Problem description
Every entry should be repeated exactly. Omit the pictures.

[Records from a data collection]
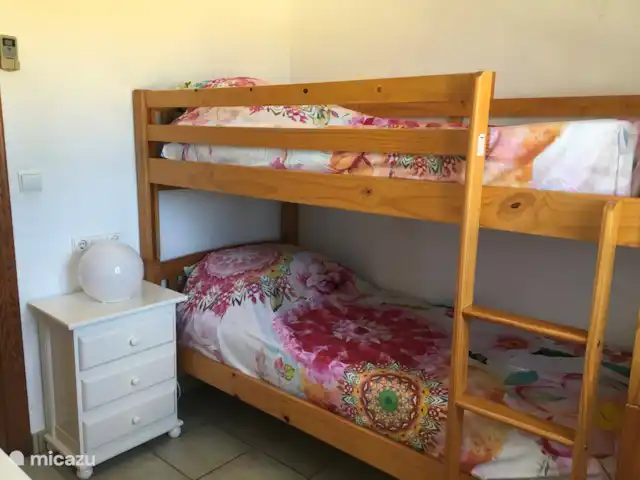 B&B Family Unit huren in Spanje, Costa Blanca, Benissa - bed & breakfast Stapelbed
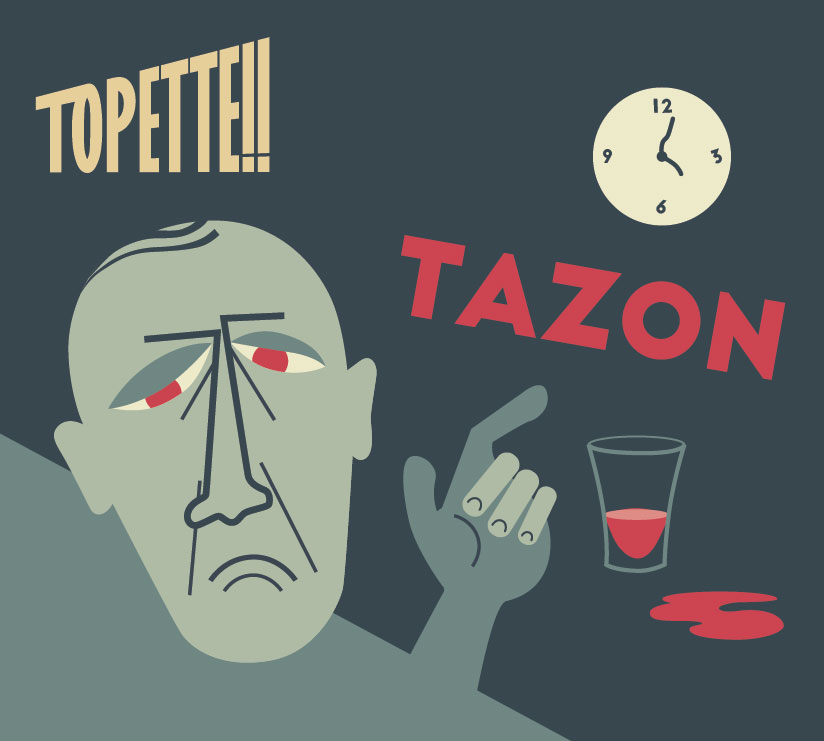 Tazon Artwork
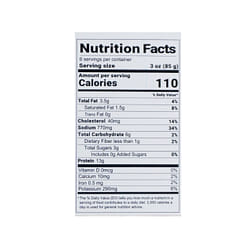 CT Choice Green Pepper Featherback Fish Bar 540 g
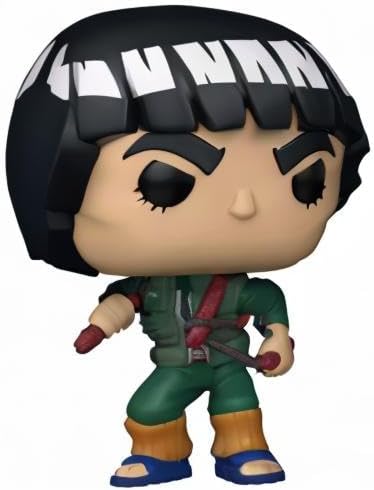 Funko Pop Animation Naruto - Might Guy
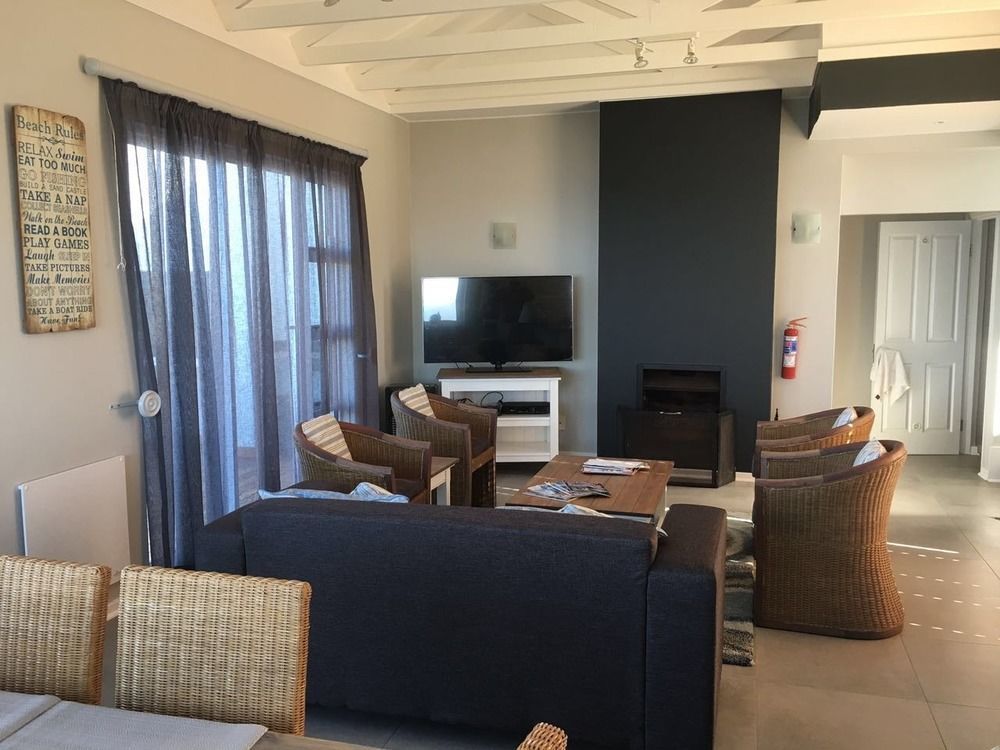 Pinnacle Point Beach & Golf - Penthouse & Villa Mossel Bay Exteriör bild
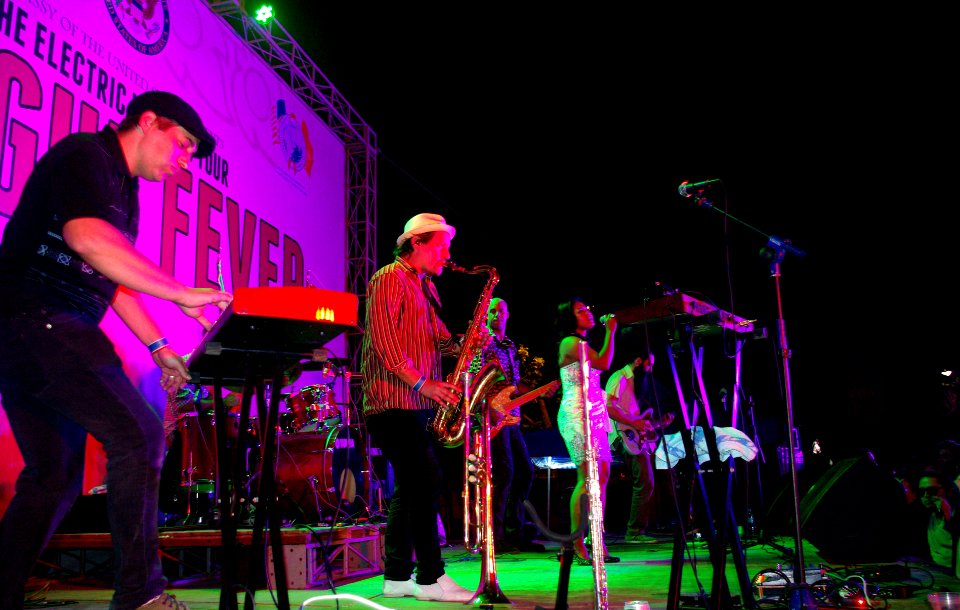 PEPFAR, U.S. Embassy Host Dengue Fever Concert in Hanoi (6416342859)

Result
 B&B Family Unit huren in Spanje, Costa Blanca, Benissa - bed & breakfast Stapelbed
 Tazon Artwork
 CT Choice Green Pepper Featherback Fish Bar 540 g
 Funko Pop Animation Naruto - Might Guy
 Pinnacle Point Beach & Golf - Penthouse & Villa Mossel Bay Exteriör bild
 PEPFAR, U.S. Embassy Host Dengue Fever Concert in Hanoi (6416342859)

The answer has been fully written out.